Monday, January 28, 2008

We celebrate the Birthday of Juan Pablo Duarte tradition of the Dominican Republic.

With the clamor of his poems, drama enacting the fight for the Dominican Republic is a homeland free from any foreign power and other cultural events, public schools and private schools started this Friday the celebration of the birth of the patrician Juan Pablo Duarte.

With a bright sun and burning reflected in the bust of the patrician students danced to the rhythm of the Dominican folklore staged the struggle for independence and even younger recited stanzas of his best-known verses.

Juan Pablo Duarte himself felt to be the father of his country and acted as such, both by the selfless way they behaved as their way of thinking, then said: "work for the motherland and that is to work for our children and ourselves.” But also, as a good father, he said, in message to the people of Puerto Plata: "with the satisfaction of seeing, which you desire, free, happy, independent and peaceful, and in perfect unity and harmony"…

Students stood tricolor flag in his coat bearing the emblem God, Homeland and Freedom.
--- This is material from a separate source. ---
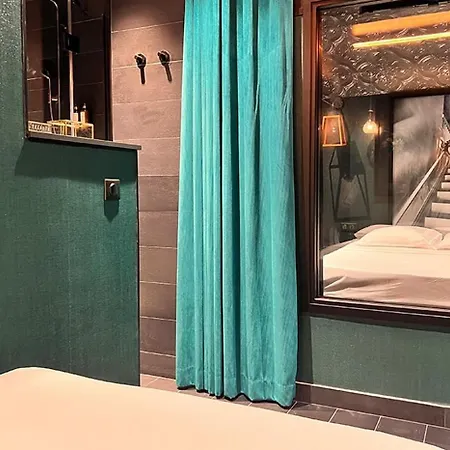 Nuit Insolite Au Love Be You Avec 1h De Jacuzzi Plus 1h De Love Et Nuit Au Be You شقة باريس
The colleges and schools met at the Columbus Lighthouse and then marched toward the Amphitheatre. And so, as the people they belong to have paid tribute to the Father of the Nation, among these can be identified: colleges Sosua, Cabarete, Puerto Plata and many others of our North Coast, leading to fully respect this tradition.

The patrician Juan Pablo Duarte was born 195 years ago, on January 26, 1813, in the city of Santo Domingo. He was the son of Juan Jose Duarte, a businessman born in Spanish Vejer de la Frontera, Cadiz province (Spain) and Manuela Ten and Jimenez, a native of El Seibo, Dominican Republic, in turn, father and Spanish mother seibana. There is a Dominican who does not have a referral from Duarte, a positive reference; we all know that he is the Father of the Nation.